Every time someone is trying to steer your consciousness toward their opinion as if to make it yours, or else feel eternally guilty for not following suit, ask these questions. Whether it’s on TV, in a movie or book, from a teacher, a celebrity, a friend, a neighbor, or a family member, the right questions to ask are:
Where are we going? Is this beneficial to you, to me, to everyone?
This is a great point of resonance and a window into our nature as a species.
We rush, we fidget, we create, we destroy, and we also suffer. We find proud justification for saying that all we do, we do to achieve a goal, to fulfill a dream, to achieve a vision. There is a point of focus, a direction we choose to go, and in the midst of our race, we forget where we are all going.
Sure, why should we talk about death while we are still alive?

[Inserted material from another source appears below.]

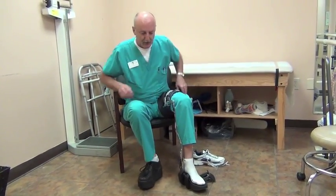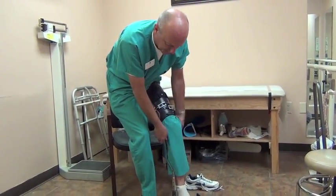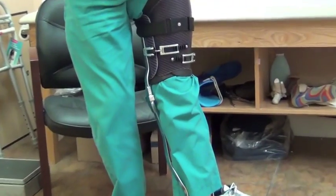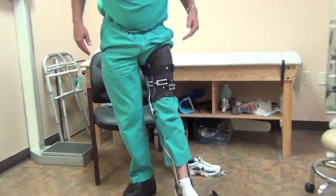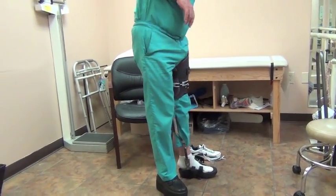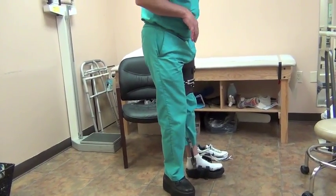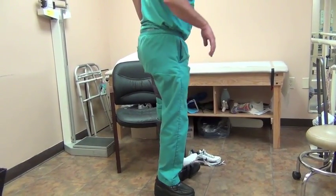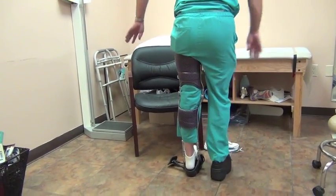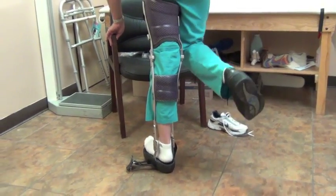What a patient would do would be stand up and extend the knee joint — because my foot's not in a shoe, it's a little tricky. Extend the knee joint and lock the knee joint. They can also do that before they stand. Once they're standing, they'll need one of the long shoe horns so that they can reach back and guide their heel into the shoe and then just slide the heel down. As you can see here, when I'm standing on this, I am unweighted — you can see that my heel is not touching at all.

Existentialism can seem like a waste of time for everyone, and a cause of anxiety for those who like to observe their existence when daily life seems to demand from us one thing only: performance.
People like to talk about what we want to do, what we will do, what we have done, so performance is at the center of the human conversation and generational education, but unless there is a noble practice as a foundation, we don’t often do things just to benefit others, as much as to benefit ourselves.
We often feel the need to place our efforts on achievement, comfort, recognition; but through human reality itself, we instead keep our effort on survival. On surviving birth, surviving our family, surviving our jobs, surviving our health, surviving each other. The human drama continues non-stop as the collective consciousness develops its awareness—looking for sense in what seems to be an abstract universal reality.
Where are we going? Do you know?
As everything changes, no doubt, we all continue breathing—until we don’t any more. Perhaps the question is not only where are we going, but how can we make it there in peace. To that question, one answer comes to mind: practice makes the master.